Among the entries below, extract exactly the lines that run from the one with "Aztec Wolf Pattern" through the one with "Set de regalos", both ends included.

Top of Materials provided

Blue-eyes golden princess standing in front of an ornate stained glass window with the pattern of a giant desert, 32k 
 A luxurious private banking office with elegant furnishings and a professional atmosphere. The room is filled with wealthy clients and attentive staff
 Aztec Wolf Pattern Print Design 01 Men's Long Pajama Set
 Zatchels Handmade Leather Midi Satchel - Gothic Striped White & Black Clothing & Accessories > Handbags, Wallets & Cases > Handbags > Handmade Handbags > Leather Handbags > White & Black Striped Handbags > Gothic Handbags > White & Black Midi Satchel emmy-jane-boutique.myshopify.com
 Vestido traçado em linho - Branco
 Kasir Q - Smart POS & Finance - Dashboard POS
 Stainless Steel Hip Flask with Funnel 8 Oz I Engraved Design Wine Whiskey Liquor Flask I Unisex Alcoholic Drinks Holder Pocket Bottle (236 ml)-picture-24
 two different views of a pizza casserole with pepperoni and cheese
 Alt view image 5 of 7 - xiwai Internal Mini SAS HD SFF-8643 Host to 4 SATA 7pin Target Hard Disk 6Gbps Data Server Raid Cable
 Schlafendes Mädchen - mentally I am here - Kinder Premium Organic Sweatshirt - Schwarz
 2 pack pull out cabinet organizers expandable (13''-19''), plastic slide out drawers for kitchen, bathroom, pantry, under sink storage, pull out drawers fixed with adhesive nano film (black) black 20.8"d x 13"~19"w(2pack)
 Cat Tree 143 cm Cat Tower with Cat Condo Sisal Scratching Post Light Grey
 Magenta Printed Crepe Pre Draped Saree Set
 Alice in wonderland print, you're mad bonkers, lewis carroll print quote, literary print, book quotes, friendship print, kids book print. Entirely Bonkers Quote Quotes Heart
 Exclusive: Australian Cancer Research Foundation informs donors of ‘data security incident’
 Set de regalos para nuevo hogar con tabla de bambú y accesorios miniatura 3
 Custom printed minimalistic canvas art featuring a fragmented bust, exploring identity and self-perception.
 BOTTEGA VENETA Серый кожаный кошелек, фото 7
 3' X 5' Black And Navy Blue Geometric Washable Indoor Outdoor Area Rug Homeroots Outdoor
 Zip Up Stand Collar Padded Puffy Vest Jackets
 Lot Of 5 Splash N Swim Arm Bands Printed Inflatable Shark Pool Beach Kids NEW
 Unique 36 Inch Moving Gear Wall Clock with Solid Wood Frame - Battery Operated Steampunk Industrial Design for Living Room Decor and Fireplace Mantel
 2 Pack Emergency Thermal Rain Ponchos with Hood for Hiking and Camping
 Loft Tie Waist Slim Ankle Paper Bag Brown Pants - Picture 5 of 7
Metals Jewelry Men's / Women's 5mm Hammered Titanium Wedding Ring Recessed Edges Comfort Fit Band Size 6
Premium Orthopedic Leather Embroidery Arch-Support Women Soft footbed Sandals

Bottom of Materials provided

* Answer:
 Aztec Wolf Pattern Print Design 01 Men's Long Pajama Set
 Zatchels Handmade Leather Midi Satchel - Gothic Striped White & Black Clothing & Accessories > Handbags, Wallets & Cases > Handbags > Handmade Handbags > Leather Handbags > White & Black Striped Handbags > Gothic Handbags > White & Black Midi Satchel emmy-jane-boutique.myshopify.com
 Vestido traçado em linho - Branco
 Kasir Q - Smart POS & Finance - Dashboard POS
 Stainless Steel Hip Flask with Funnel 8 Oz I Engraved Design Wine Whiskey Liquor Flask I Unisex Alcoholic Drinks Holder Pocket Bottle (236 ml)-picture-24
 two different views of a pizza casserole with pepperoni and cheese
 Alt view image 5 of 7 - xiwai Internal Mini SAS HD SFF-8643 Host to 4 SATA 7pin Target Hard Disk 6Gbps Data Server Raid Cable
 Schlafendes Mädchen - mentally I am here - Kinder Premium Organic Sweatshirt - Schwarz
 2 pack pull out cabinet organizers expandable (13''-19''), plastic slide out drawers for kitchen, bathroom, pantry, under sink storage, pull out drawers fixed with adhesive nano film (black) black 20.8"d x 13"~19"w(2pack)
 Cat Tree 143 cm Cat Tower with Cat Condo Sisal Scratching Post Light Grey
 Magenta Printed Crepe Pre Draped Saree Set
 Alice in wonderland print, you're mad bonkers, lewis carroll print quote, literary print, book quotes, friendship print, kids book print. Entirely Bonkers Quote Quotes Heart
 Exclusive: Australian Cancer Research Foundation informs donors of ‘data security incident’
 Set de regalos para nuevo hogar con tabla de bambú y accesorios miniatura 3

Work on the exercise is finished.